From the Feb. 7, 1969 edition of the Vineyard Gazette by Joseph Chase Allen:

Groundhog day, which came and went but a short time ago, was not so recognized by the rude forefathers of the hamlets. But the date was observed, as Candlemas, which had to do with the observance of an old saint’s day and which was supposed to mark the very middle of winter. Half of all food and fodder stored against the frigid months was supposed to have been consumed, and there can be no doubt that the old settlers surveyed that portion which remained and probably shook their heads in doubt as they considered the prospect of a cold spring.

And there was something else which provided sober thought. Seafaring people knew of scurvy and its cause, improper diet, free of green things, fruits and such, and all people who knew what it was like to be closely housed during winter recognized the fact that landbound people could develop scurvy or similar things quite as well as seamen. Hence, the forehanded Vineyarder “forelaid” for such things, as he would have said, and come Candlemas Day, he was apt to observe that it would be a good time to have a parsnip stew.

Now the parsnip is a particular thing if the old-timers may be believed. It is a root, shaped much like a long, slender carrot, but it is white. It has a pungent smell even when raw, and when cooking and after, it will perfume an entire house with an odor which may not be unpleasant, but it is not the sort of smell which the fastidious would care to store with fine linens in the family cedar chest.

Many men planted parsnips, but no one planted large quantities and for several reasons. Parsnips were generally regarded as a “poor-keeping vegetable,” which meant that in the root cellar they would wither and dehydrate until nothing remained save the skin, badly wrinkled, and the familiar odor, well mixed with the smell of decaying vegetable matter.

But someone in the history of gardening had discovered that a parsnip need not be harvested until it was to be eaten. That it would keep smooth and plump, regardless of weather, if left right in the row where it was planted. Thus, when the ancestor felt the craving for something green tasting, he would go to his parsnip bead, or row, and if it was in the dead of winter, he would take his crowbar with him.

It required some doing to punch a hole through the frozen soil even with a heavy crowbar, but it could be done and it was done, and then a section of the frozen ground would be pried up to reveal half a dozen or more of the white roots of the parsnips projecting through it from the exposed section. A few more jabs with the bar loosened the parsnips and the beginning of a parsnip stew was at hand.

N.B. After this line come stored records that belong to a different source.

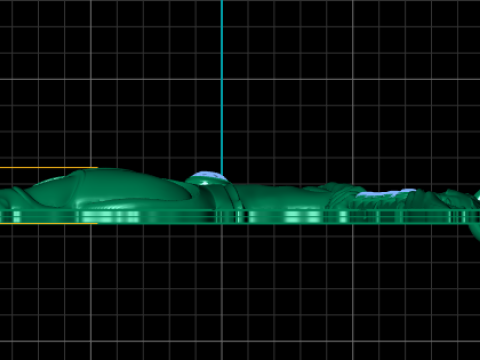 神話戦士ペンダント 3Dプリントモデル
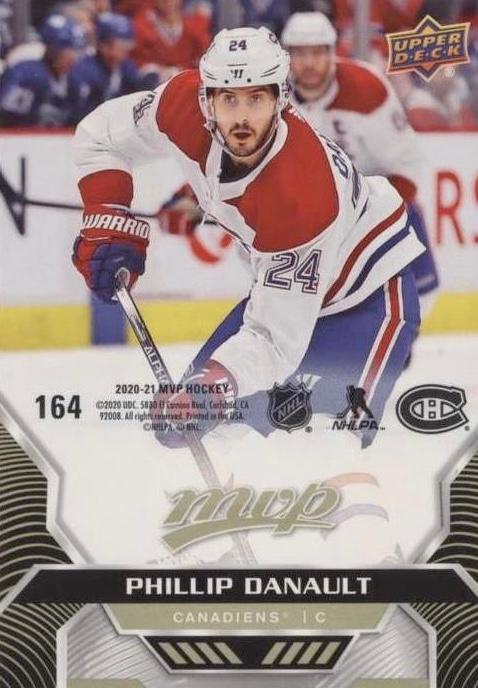 Phillip Danault #164 Montreal Canadiens | 2020-21 Upper Deck MVP Puzzle Backs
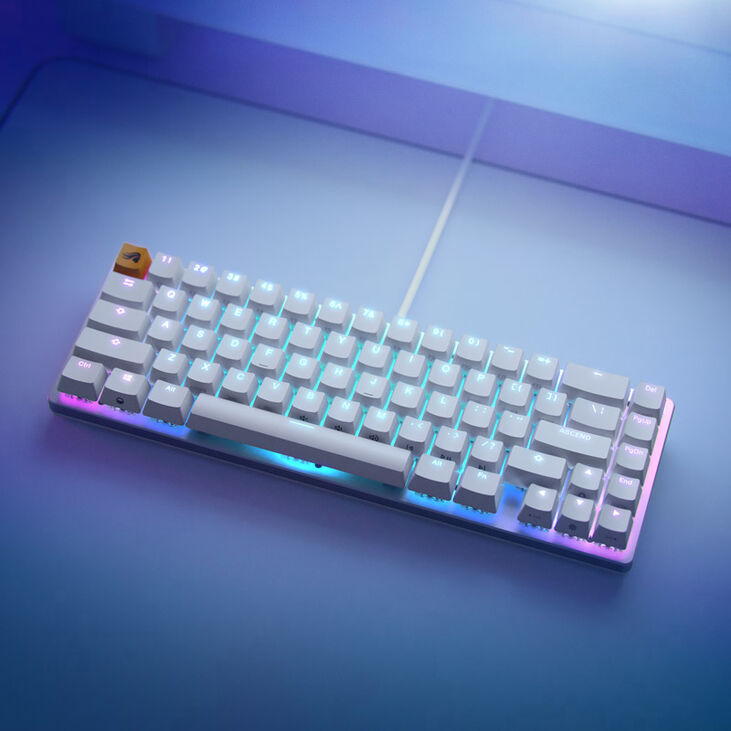 Glorious GMMK 2 Compact Tastatur - Barebone, ANSI-Layout, weiß image number 4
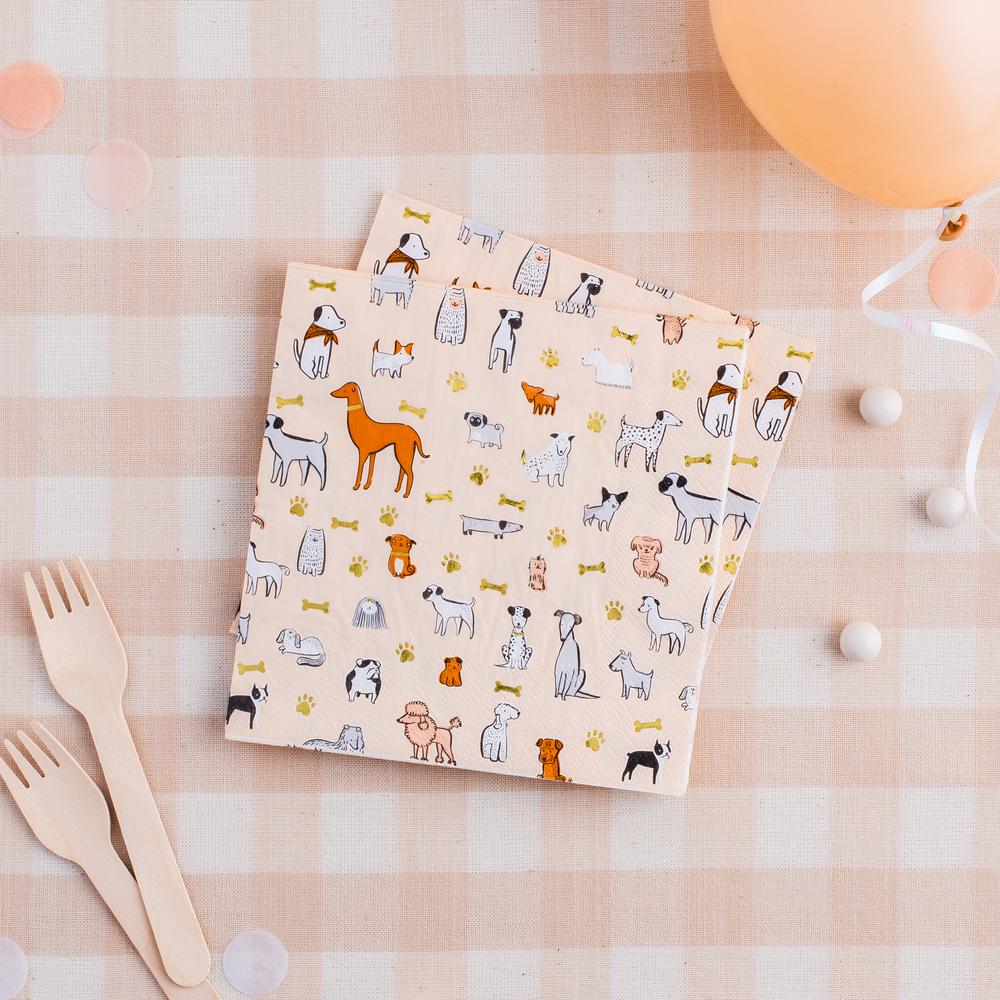 Bow Wow Dinner Napkins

The only reason why it is called parsnip stew was because it was parsnip flavored. Actually, the rest of the stew was much the same as the potato bargain, or necessity-mess of tradition. Salt pork, onions, potatoes, maybe turnip, maybe not, but plenty or parsnips to sweeten and season it all.

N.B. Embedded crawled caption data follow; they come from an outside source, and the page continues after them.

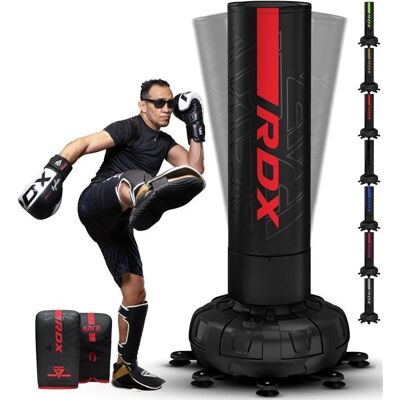 RDX Sac de Frappe Autoportant avec Gants 73 6ft XXL Sac de Socle Robuste pour Adulte Base de Support à 17 Ventouses Rouge - Publicité RDX Sac de Frappe Autoportant avec Gants 73 6ft XXL Sac de Socle Robuste pour Adulte Base de Support à 17 Ventouses Rouge - Publicité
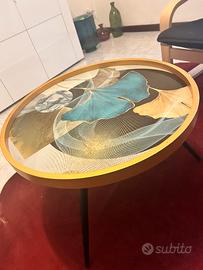 Tavolino da interno ed esterno in legno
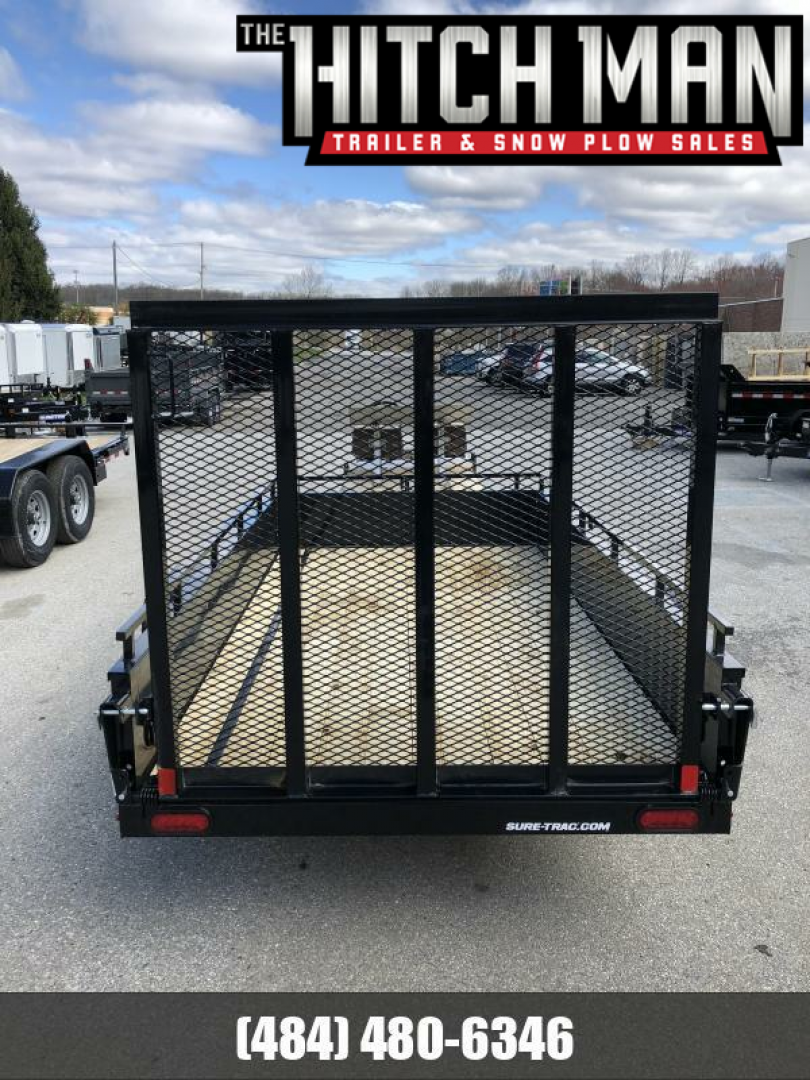 New 5 x 10 Sure-Trac 14" Steel High Side Landscape Trailer 3k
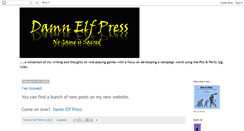 Desktop Screenshot of damnelfpress.com
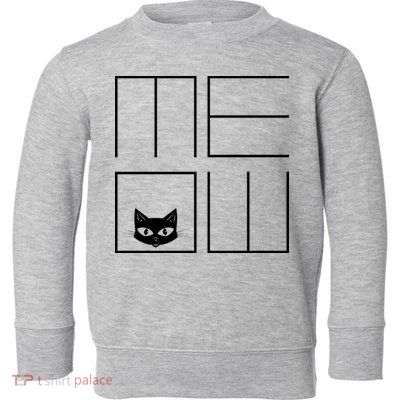 Modern Meow  Toddler Sweatshirt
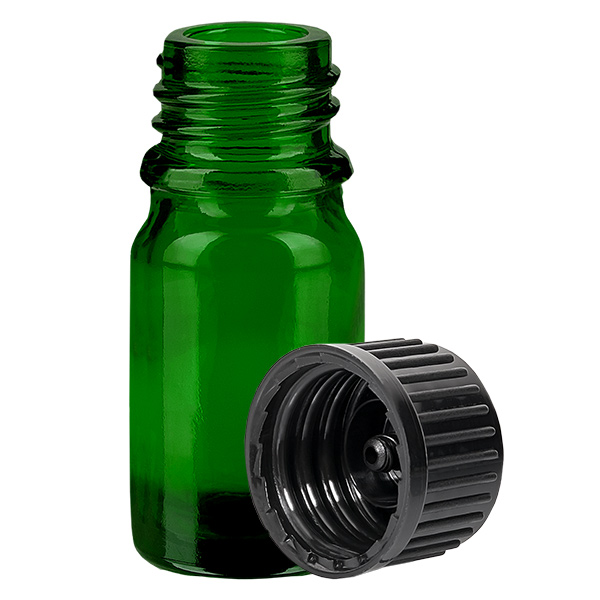 5ml Flasche 11mm Schraubverschluss schwarz Standard GreenLine UT18/5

It would hardly be correct to say that everyone relished parsnip stew. Much depended upon the number of parsnips used, but even when the percentage was low, there were human oddities who accepted it in silence because they regarded it as manna from the gods. Thus they ate, because they were hungry, and because they had heard tales of the horrors of scurvy, and realized that quite likely the medicinal remedies for that dire disease might taste far worse than parsnips.

But the majority of persons who drew up to a plateful of parsnip stew in midwinter, when all was frozen and dead outside, appreciated that earthy taste which was always present. They loved it and they talked about it for days after. They dwelt upon the possibilities of enjoying another stew like it in the near future.

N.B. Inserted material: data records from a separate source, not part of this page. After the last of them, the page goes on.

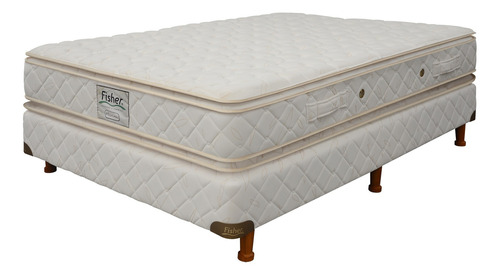 Sommier Fisher Maxime 2 1/2 plazas de 190cmx140cm crema y dorado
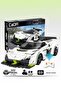 Swedish Ghost Racing Car with 322 Pieces Blocks 2.4Ghz Remote Control - Bluetooth Controlled Via Mobile App Bpa-Free Quality Abs Plastic Technical Building Blocks Toy Set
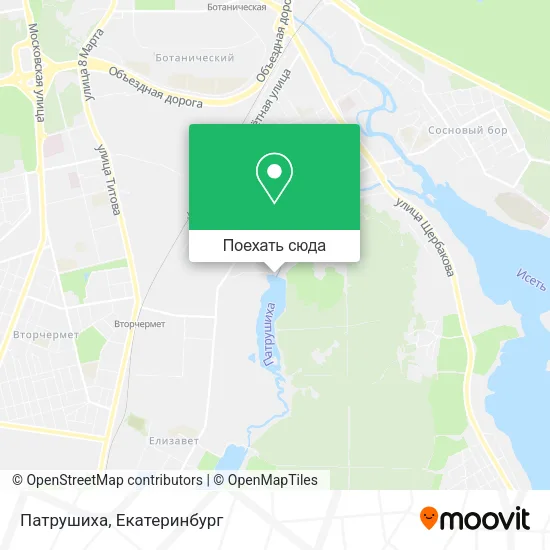 Карта Патрушиха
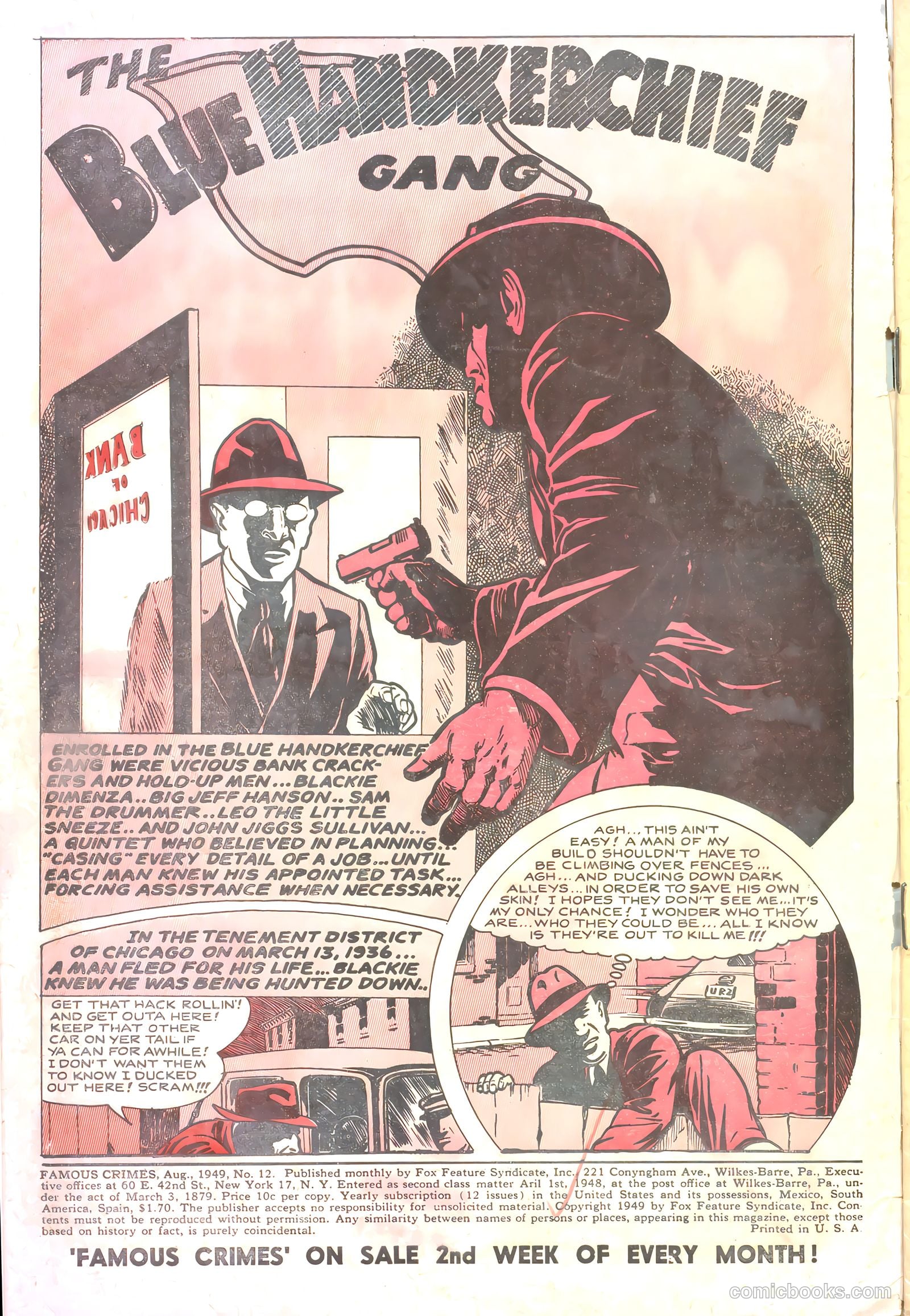 Famous Crimes #12 (1949) — page 2 of 37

But this sort of thing could be overdone apparently. As noted, no one planted a great many parsnips and no one ate them as frequently as they ate turnip or carrot. Strangely perhaps, they never mentioned the reason. It was as if the elders knew and understood that the parsnip was a “conditioner,” to be eaten at intervals and not as a steady item of diet. At any rate that was the way that they were eaten and who can say what grim visitation might have been warded off by means of this wise precaution?

Today the descendants of those parsnip-eaters lack for nothing in their winter diet. Of fresh fruits and vegetables, they have the entire list, shipped to Martha’s Vineyard and arriving most daily from every part of the nation and 30 or more foreign countries. Parsnips are not often seen in the markets; they are no longer considered necessary and their popularity has waned. But it is to wonder what the effect might have been on the upper branches of various family trees had there been no parsnips on Candlemas Day, a century ago.